*** Opening of DATA PROVIDED ***

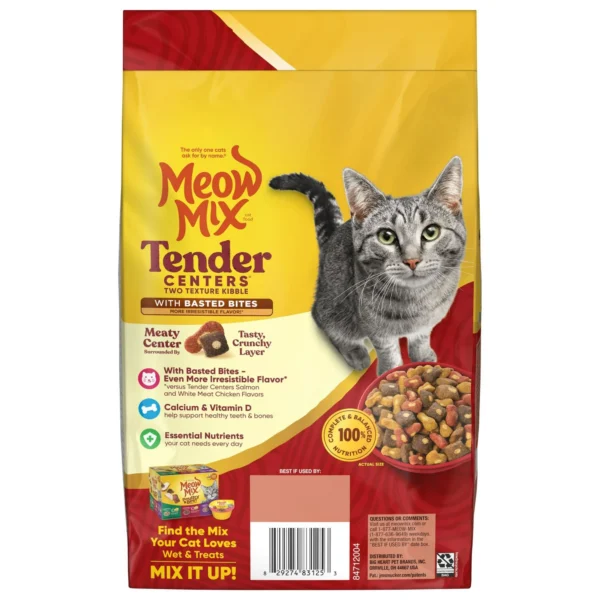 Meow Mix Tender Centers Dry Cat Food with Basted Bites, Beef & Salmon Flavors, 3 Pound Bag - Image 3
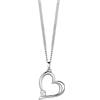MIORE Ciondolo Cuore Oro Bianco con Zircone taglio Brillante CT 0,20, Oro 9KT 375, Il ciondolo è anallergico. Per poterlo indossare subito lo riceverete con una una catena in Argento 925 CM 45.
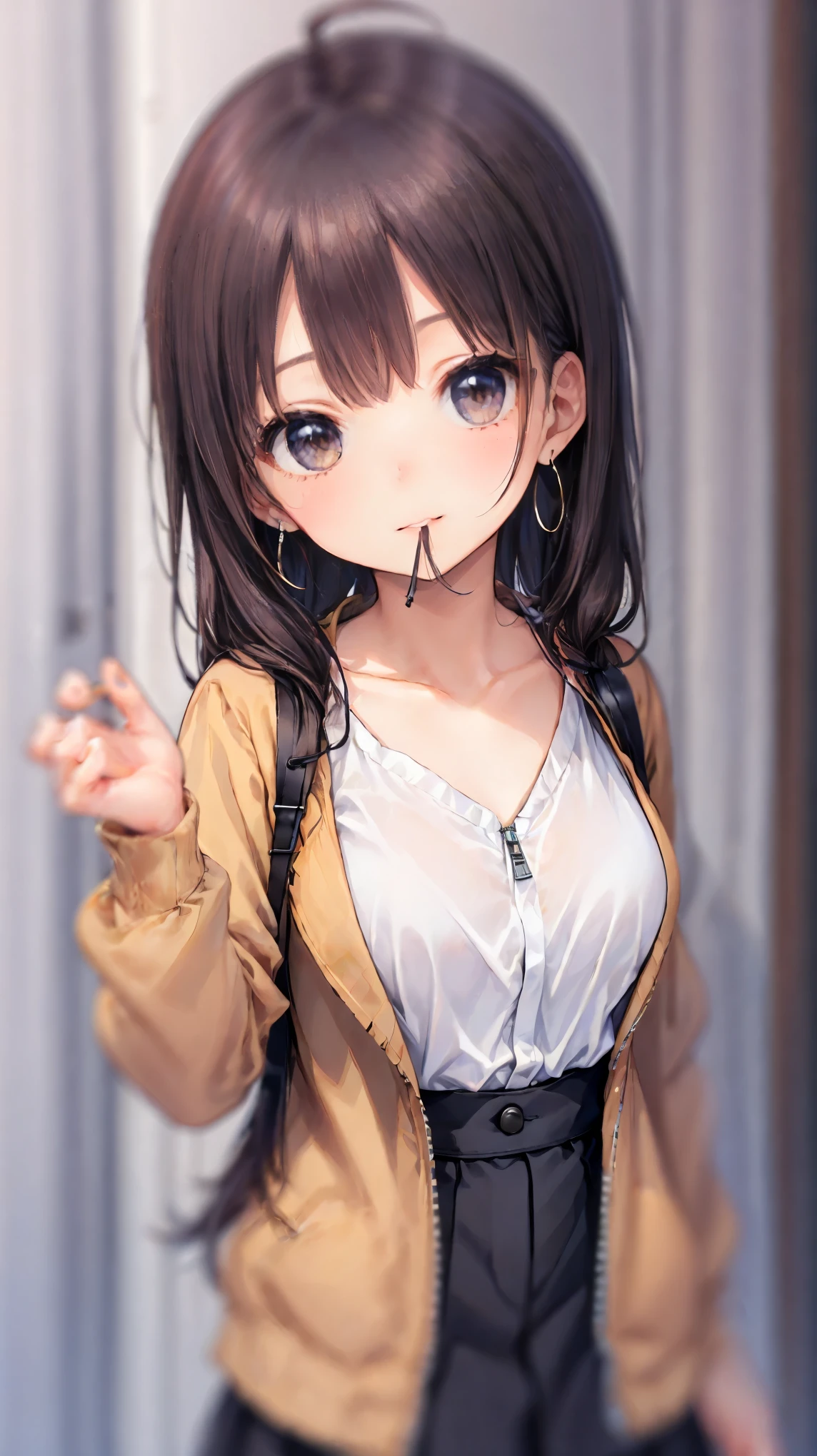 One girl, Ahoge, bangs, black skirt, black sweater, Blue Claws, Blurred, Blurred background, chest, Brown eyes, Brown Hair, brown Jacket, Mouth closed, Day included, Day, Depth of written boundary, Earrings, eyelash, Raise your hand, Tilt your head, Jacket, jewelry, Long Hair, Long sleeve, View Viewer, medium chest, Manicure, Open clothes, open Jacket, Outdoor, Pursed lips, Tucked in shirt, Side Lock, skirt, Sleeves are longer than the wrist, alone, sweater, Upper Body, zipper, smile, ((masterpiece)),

*** Close of DATA PROVIDED ***
*** Opening of DATA PROVIDED ***

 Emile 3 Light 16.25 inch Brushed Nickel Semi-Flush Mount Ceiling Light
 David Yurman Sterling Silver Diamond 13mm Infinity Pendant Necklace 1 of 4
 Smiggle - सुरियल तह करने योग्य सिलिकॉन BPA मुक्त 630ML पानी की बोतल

*** Close of DATA PROVIDED ***

• [EXERCISE GOAL]
In the entries above, find the line holding "Emile 3 Light" and the line holding "Smiggle - सुरियल"; print both of them and every line between, exactly, and nothing else.

• [OUTPUT OF THE EXERCISE]
 Emile 3 Light 16.25 inch Brushed Nickel Semi-Flush Mount Ceiling Light
 David Yurman Sterling Silver Diamond 13mm Infinity Pendant Necklace 1 of 4
 Smiggle - सुरियल तह करने योग्य सिलिकॉन BPA मुक्त 630ML पानी की बोतल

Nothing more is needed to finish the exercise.